• Modified how process_snp_result calculates the number of reads and proportion of search sequences found in the long read sequences to be more accurate. In the previous version, tag that also form part of other tag, e.g., CC15 and CC1, are miscalculated with those matching only CC1 are also used to match CC15. This is now fixed.
  • Added method to generate search strings (generate_snp_search_string) from identified SNPs set.
  • Added method to search through long read sequence (search_from_fastq_reads).

Fixed bug in find_optimised_snps where when multiple SNPs sets are looked, not all SNPs set will iterate to the next depth even if max_depth has not been reached and resolving power is not 1.

Fixed bug in find_optimised_snps when there are included SNPs.

Minor changes & bug removal


Minor changes & testing


  • find_optimised_snps can receive an additional argument output_progress = TRUE, such that progress can be shown in terminal when looking for multiple result.
  • write_fasta bug where only the first letter is written to the file is fixed.
  • output_result bug where residuals are not returned.
  • process_allele will print names of duplicated isolate, and keep only the first instance of the found isolate.
  • iterate_merge can be used to merge alignment matrices.
  • find_optimised_snps reduced memory usage.
  • resolve_IUPAC_missing can be used to substitute the ambiguity codes found in the sequence.
  • output_result updated such that it can be presented correctly in excel.
  • cal_fn and cal_fp can be used to calculate and identify false negatives and false postives respectively.
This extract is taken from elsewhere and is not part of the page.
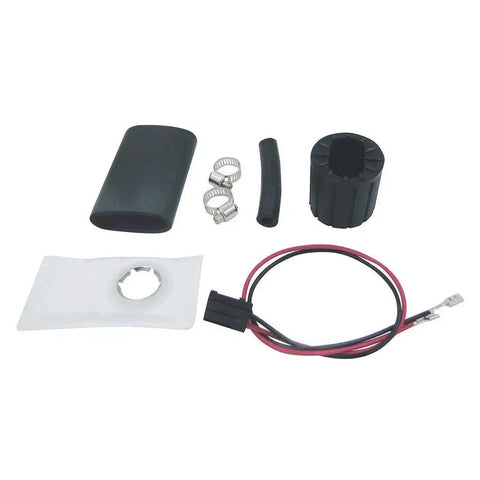 255 LPH High Flow In Tank Electric Fuel Pump With Installation Kit Center Inlet For Performance Vehicles components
To be called with cal_met_snp

First release to CRAN.


  • read_fasta will be used to read fasta file, the sequence name can contain spaces.
  • write_fasta will be used to write fasta file, the sequence name can contain spaces.
  • process_allele can be used in place of the different functions to preprocess the FASTA file. It will perform all equivalent functions in one go; the others functions are no longer exported.
  • calculate_simpson is used to calculate the Simpson’s index from list of pattern.
  • calculate_percent is used to calculate the dissimilarity index from list of pattern.
  • check_percent is used to check that the necessary parameter for calculate_percent is passed.
  • get_metric_fun is used to translate the metric to the functions, additional metric can be added by defining the functions and overriding the global MinSNPs_metrics variable.
  • calculate_simpson, calculate_percent, and check_percent, get_metric_fun are only as default, there is no reason to call these functions directly.
  • find_optimised_snps is used to find optimised SNP set(s). It can also be used to recalculate index by giving it included positions and setting max_depth to 0.
  • output_result is used to output results from find_optimised_snps.